The Mobile Communications Unit SAAF (MCU) provides field communication services, single-and multiple-channel command and control communications to the South African Air Force, operating equipment such as satellite phones, two-way radios and digital microwave transmission links. Their vehicle inventory consists mainly of CCV 4x4's, SAMIL50’s and Land Rovers. The SAMIL trucks are used to carry different types of equipment, the Land Rovers, the point-to point-communication equipment and the CCV 4x4's for Command and Control.

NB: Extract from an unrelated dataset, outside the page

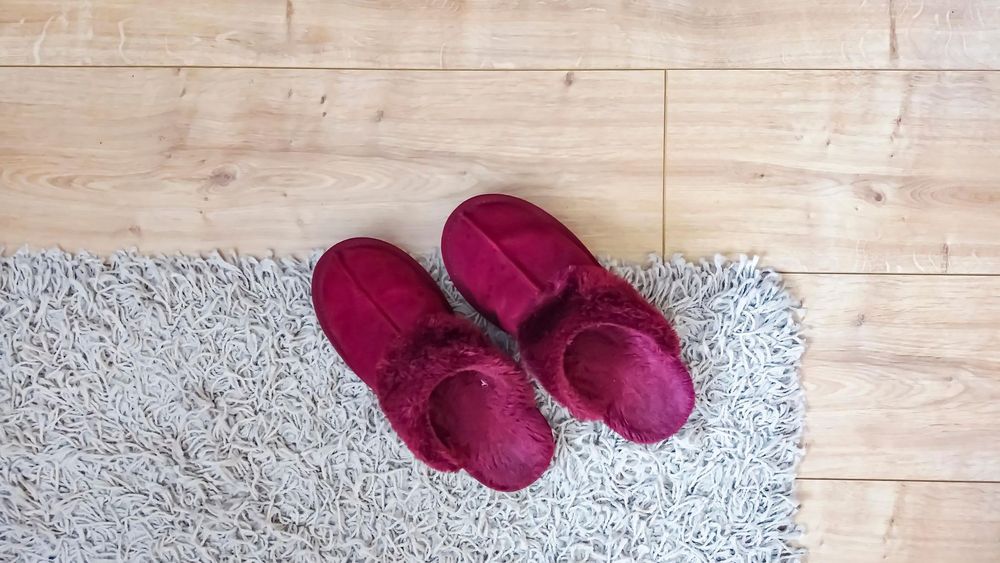 En la casa puedes andar descalzo o con zapatos que solo usas dentro.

Command and control communications are used mainly for Tactical Air Base deployment, Tactical Mobile Radar and other radar deployments, Tactical Air Force Command Post (T/AFCP) deployment, Tactical Forward Air Command Post (T/FACP) deployment, Mobile Sector Control Centre deployment, Helicopter Administration Area (HAA), Mobile Ground Signal Intelligence System (MGSS), Remote Piloted Vehicle (RPV), South African Air Force College, Command and Control School, Air Defence Artillery (ADA) and Electronic Warfare (EW) force preparation and flying squadron training and Joint Operations communications with military (e.g. United Nations peacekeeping missions) and external parties (e.g. SAPS). The unit also provides the air force with in flight and ground command and control communications during humanitarian aid operations, for Conventional-, jumping- and air transportable Mobile Air Operation Teams and Crime prevention operations in support of the SAPS. The MCU used to be part of the SAAF Telecommunications Centre (SAAFTC) at Air Force Base Waterkloof, but because of the ever-growing demand for mobile communications in the SAAF, MCU was founded as a unit in 1990. In 1999 it became a unit of the Mobile Deployment Wing.

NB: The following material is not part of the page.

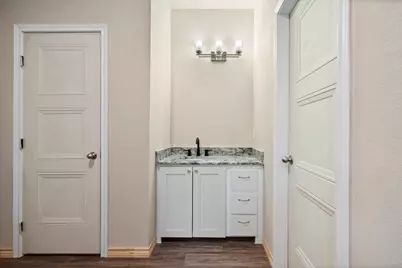 2877 Conveyor Drive #B, Burleson, TX 76028 - Photo 14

140 Squadron SAAF provides deployable Mobile Sector Control Center, Mobile Ground to Air Radio's as well as mobile Air Traffic Control towers to the South African Air Force.

142 Squadron SAAF is a mobile unit equipped with the Plessey Tactical Mobile Radar (TMR) station, based on the Marconi S711. TMR has a 100NM (180 km) range. The radar system is transported by MAN 8X8 Trucks

(500 Squadron) provides a rapid reaction task force, a VIP Protection capability and other specialised security services to the South African Air Force. (501 Squadron) provides asset and personnel protection to the air force.

The area occupied by the AFMDW was previously known as Air Force Station Snake Valley and is situated opposite Air Force Base Swartkop on the eastern side of the shared runway.